Today we rejoice because of Jesus. 

-We rejoice, because He came to be our Savior. 

-And, we rejoice, as we look forward to the Lord being near, and the Lord coming to be our Judge.

Now, we can rejoice 'even though'... 

-We can rejoice even though we are going through struggles right now. 

-We can rejoice even though we are going through problems right now. 

So, what are the problems, what are the challenges, and what are the struggles you are going through in life, right now?   Again, consider the Apostle Paul, and the 'even though' challenges he had of being in prison.
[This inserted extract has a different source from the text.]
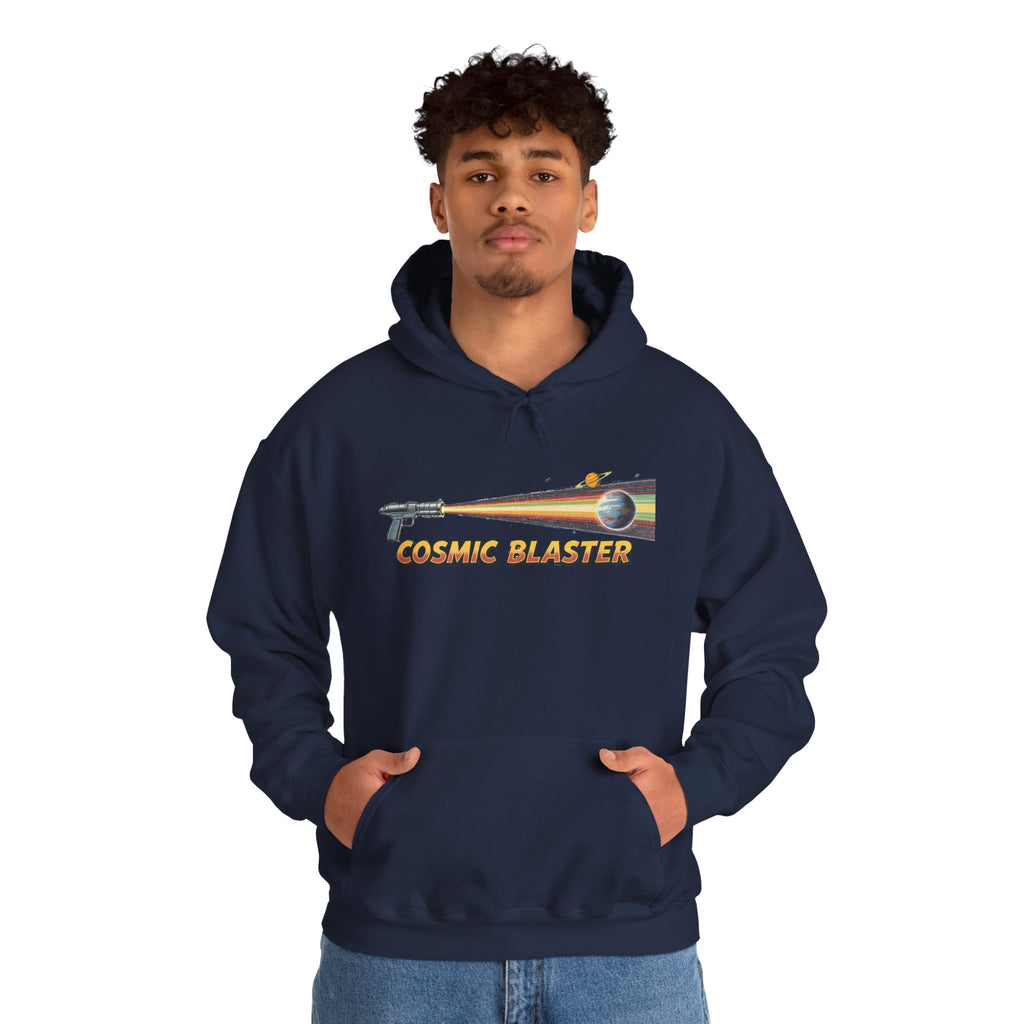 Cosmic Blaster Hoodie — Retro Space Ray Gun Graphic Pullover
I want to close today with these two things.  I want to introduce you to somebody, whose name is Frances Jane van Alsteine.  She had some 'even though' challenges in life.  Raise your hand, if you know who Frances Jane van Alsteine is.  I am happy nobody knows, so I get to tell you about her.

Frances Jane van Alsteine was born in 1820.  She was born in New York.  She was a poet.  She was a lyricist.  She was a mission worker.  And, she wrote more than 8,000 hymns. 

When she was just a few weeks old, Frances Jane van Alsteine was visually impaired.  She was blind.  But, even though she had 'even though' challenges, she could rejoice. 

When she was ten years old, she was memorizing five chapters from The Bible each week.  That is pretty impressive. 

When she was fifteen years old, she had memorized the four Gospels, Matthew, Mark, Luke, and John.  She had memorized the five books of Moses, Genesis, Exodus, Leviticus, Numbers, Deuteronomy, and many of the Psalms. 

Later in life, Frances Jane van Alsteine got married.  She had a baby daughter who died in infancy.  So, you talk about some 'even though' challenges that Francis Jane was going through, and Frances Jane was enduring, and yet she could rejoice.

She wrote a hymn that did not become very popular here in The United States, but it became very popular in Europe.  It was not until 1954 that this particular hymn that she wrote became very popular here in The United States.  It is because a young preacher by the name of Billy Graham had picked up that hymn, and made it part of his crusades.  (There is a verse that we are going to sing at the very end of our service.)  The hymn is this. 

To God be the glory. 

Great things He has done. 

He so loved the world

that He gave us His Son.    

To God be the glory.  She could give glory to God, and rejoice 'even though' the challenges, and struggles she went through.  Now you may not know who Frances Jane van Alsteine is, but many of you probably know her according to her maiden name, that she wrote those hymns under.  Her name is Fanny Crosby.  She wrote that hymn.

I close with this.  Philippi was a military town.  Many Roman soldiers came to retire in Philippi.  So, the Philippians were very used to Roman soldiers walking around in their community, and standing guard at the gates.  The residents of the city of Philippi were very comforted knowing they were guarded.  And, the residents of the city of Philippi could rejoice.  They could rejoice at the Lord's coming deliverance. 

Today we can do the same thing.  As we gather together for worship on this third Sunday in Advent, Gaudete Sunday, or Rejoice Sunday, we can rejoice at the Lord's coming deliverance.  The same peace that guarded the Philippians is the same peace we have, as we close with a very familiar sentence with our sermon today. 

The peace of God,

which surpasses all understanding,

guard your hearts and minds,

in Christ Jesus. 



Glory be to the Father, and to the Son, and to the Holy Spirit, as it was in the beginning, shall be now, and forevermore.